Or c’est justement la définition du courant alternatif.
Le moteur brushless est donc un moteur qui fonctionne grâce à un courant alternatif.
Note : Le moteur brushless est souvent confondu avec un autre type de moteur, le moteur synchrone à aimant permanents, qui lui ressemble beaucoup. Leur différence réside essentiellement dans la forme des vagues de courant (rectangulaires pour le moteur brushless, sinusoïdales pour l’autre).
À l’inverse du courant alternatif, le courant continu ne fait aucune vague. Il est complètement stable.
Les moteurs à courant continu sont donc alimentés par un courant qui ne fait aucune ondulation. Ce qui fait déjà une première différenciation très claire entre les moteurs à courant alternatif et à courant continu.
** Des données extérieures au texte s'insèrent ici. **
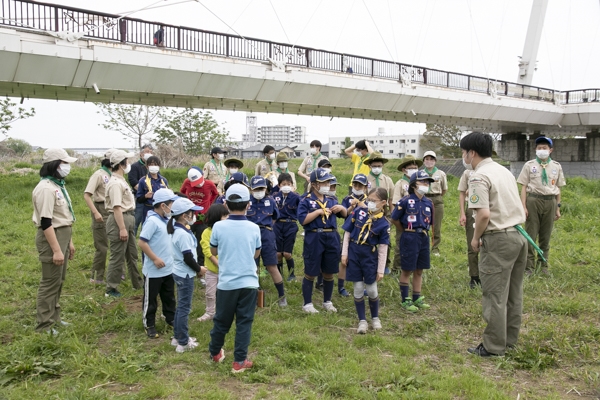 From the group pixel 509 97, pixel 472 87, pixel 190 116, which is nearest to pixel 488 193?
pixel 472 87

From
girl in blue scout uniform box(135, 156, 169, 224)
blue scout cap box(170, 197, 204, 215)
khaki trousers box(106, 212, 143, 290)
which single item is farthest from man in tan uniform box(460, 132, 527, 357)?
girl in blue scout uniform box(135, 156, 169, 224)

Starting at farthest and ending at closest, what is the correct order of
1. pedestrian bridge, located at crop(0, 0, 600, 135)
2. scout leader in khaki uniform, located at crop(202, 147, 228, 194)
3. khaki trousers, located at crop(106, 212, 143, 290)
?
1. pedestrian bridge, located at crop(0, 0, 600, 135)
2. scout leader in khaki uniform, located at crop(202, 147, 228, 194)
3. khaki trousers, located at crop(106, 212, 143, 290)

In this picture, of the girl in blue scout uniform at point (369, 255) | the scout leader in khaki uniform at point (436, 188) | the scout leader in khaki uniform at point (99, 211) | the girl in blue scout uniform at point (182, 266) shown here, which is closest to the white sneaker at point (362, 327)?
the girl in blue scout uniform at point (369, 255)

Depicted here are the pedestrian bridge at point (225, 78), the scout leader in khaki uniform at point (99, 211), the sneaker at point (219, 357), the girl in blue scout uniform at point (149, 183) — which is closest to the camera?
the sneaker at point (219, 357)

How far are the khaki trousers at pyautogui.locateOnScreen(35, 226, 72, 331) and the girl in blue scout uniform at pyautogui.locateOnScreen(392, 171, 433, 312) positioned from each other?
4185mm

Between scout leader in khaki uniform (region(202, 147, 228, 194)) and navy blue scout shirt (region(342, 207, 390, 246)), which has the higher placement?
scout leader in khaki uniform (region(202, 147, 228, 194))

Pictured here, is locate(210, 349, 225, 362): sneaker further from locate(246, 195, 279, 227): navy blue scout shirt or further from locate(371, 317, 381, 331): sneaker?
locate(246, 195, 279, 227): navy blue scout shirt

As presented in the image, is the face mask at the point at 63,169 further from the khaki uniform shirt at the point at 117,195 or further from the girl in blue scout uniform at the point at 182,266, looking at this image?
the girl in blue scout uniform at the point at 182,266

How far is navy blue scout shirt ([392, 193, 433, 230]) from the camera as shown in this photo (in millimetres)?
6609

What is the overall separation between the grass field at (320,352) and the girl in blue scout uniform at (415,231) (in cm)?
28

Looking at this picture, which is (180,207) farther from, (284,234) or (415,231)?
(415,231)

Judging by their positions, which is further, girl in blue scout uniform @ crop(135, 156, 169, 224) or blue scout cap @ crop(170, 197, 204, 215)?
girl in blue scout uniform @ crop(135, 156, 169, 224)

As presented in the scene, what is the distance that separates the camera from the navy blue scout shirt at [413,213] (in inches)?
260

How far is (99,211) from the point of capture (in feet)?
25.7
Mais ça ne fait pas de surprise, car leur nom est transparent sur ce sujet.
En revanche, il y a une autre différence notable, beaucoup moins visible et pourtant tout aussi importante.
C’est que les moteurs CC (à courant continu donc) sont montés à l’inverse des moteurs CA (à courant alternatif) :
Et si cette différence est si importante, c’est qu’elle change considérablement un détail logistique.
Ce détail, c’est qu’il faut bien alimenter les électroaimants des moteurs CC. Or les électroaimants sont intégrés dans le rotor cette fois. Manque de chance, le rotor tourne. Et il tourne vite.
Comment faire, dès lors, pour lui transmettre de l’électricité ?
Avec ce qu’on appelle des balais (« brush » en anglais), qui sont des petites plaquettes en carbone (ou en charbon). Leur objectif est de frotter contre le rotor (au niveau de ce qu’on appelle le « collecteur ») pour lui transmettre l’électricité par contact physique.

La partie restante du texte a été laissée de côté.